4. Schnellschalter nach Anspruch 3, wobei die Führungsstabanordnung (1400) ferner ein elastisches Stabelement (1440) zum elastischen Stützen des Dichtstabs, sodass der Dichtstab in Richtung der festen Elektrode gedrückt wird, beinhaltet, wobei das elastische Stabelement in einem Dichtungsgehäuse (1500) enthalten ist.
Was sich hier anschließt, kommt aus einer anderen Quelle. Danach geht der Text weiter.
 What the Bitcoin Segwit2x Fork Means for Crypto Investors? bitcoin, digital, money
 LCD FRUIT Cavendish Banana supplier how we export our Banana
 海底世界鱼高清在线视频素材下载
5. Schnellschalter nach Anspruch 3, wobei die Führungsstabanordnung (1400) ferner einen Stoßdämpfer (1450) beinhaltet, der so konfiguriert ist, dass er einen Aufprall, der aus einer Bewegung der abstoßenden Platte resultiert, abmildert, wobei der Stoßdämpfer so positioniert ist, dass er dem Raststab zugewandt ist, während er sich zunehmend von der abstoßenden Platte entfernt, wenn sich die abstoßende Platte bewegt, um einen offenen Zustand des Schalters herbeizuführen.
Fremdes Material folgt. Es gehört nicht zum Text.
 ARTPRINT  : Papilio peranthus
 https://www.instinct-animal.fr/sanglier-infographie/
6. Schnellschalter nach Anspruch 1, wobei die Stromunterbrechungsmittel (1100) in einem Gastank (1600) eingebettet sind, in dem ein Gas eingeschlossen ist.
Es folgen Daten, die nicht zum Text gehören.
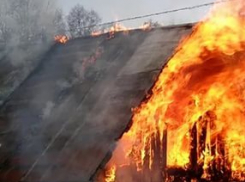 Немного тепла с ветром и дачи  в Камышине горят одна за другой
7. Schnellschalter nach Anspruch 6, wobei die Zustandserhaltungsanordnung (1330) ferner eine Befestigungsstruktur beinhaltet, die den Raststift (1310), das elastische Rastelement (1320) und die Rastspule (1330) trägt, wobei die Befestigungsstruktur außerhalb des Gastanks angeordnet ist.

8. Schnellschalter nach Anspruch 3, wobei die Zustandserhaltungsanordnung (2300) eine erste Fixiereinheit (2300a) und eine zweite Fixiereinheit (2300b), die entgegengesetzt zueinander sind, um den Raststab herum beinhaltet,

wobei der Raststab eine erste Rastnut und eine zweite Rastnut aufweist, die darin definiert sind, wobei die erste Fixiereinheit beinhaltet:

einen ersten Raststift (2310a), dessen Ende der ersten Rastnut entspricht;

ein erstes elastisches Rastelement (2320a) zum Drängen des ersten Raststifts in Richtung des Raststabs, sodass der erste Raststift in die erste Rastnut eingeführt wird; und

eine erste Rastspule, die den ersten Raststift umgibt, um eine erste Antriebskraft zum Trennen des ersten Raststifts von der ersten Rastnut bereitzustellen,

wobei die zweite Fixiereinheit beinhaltet:

einen zweiten Raststift, dessen Ende der zweiten Rastnut entspricht;

ein zweites elastisches Rastelement zum Drängen des zweiten Raststifts in Richtung des Raststabs, sodass der zweite Raststift in die zweite Rastnut eingeführt wird; und

eine zweite Rastspule (2330a), die den zweiten Raststift umgibt, um eine zweite Antriebskraft zum Trennen des zweiten Raststifts von der zweiten Rastnut bereitzustellen.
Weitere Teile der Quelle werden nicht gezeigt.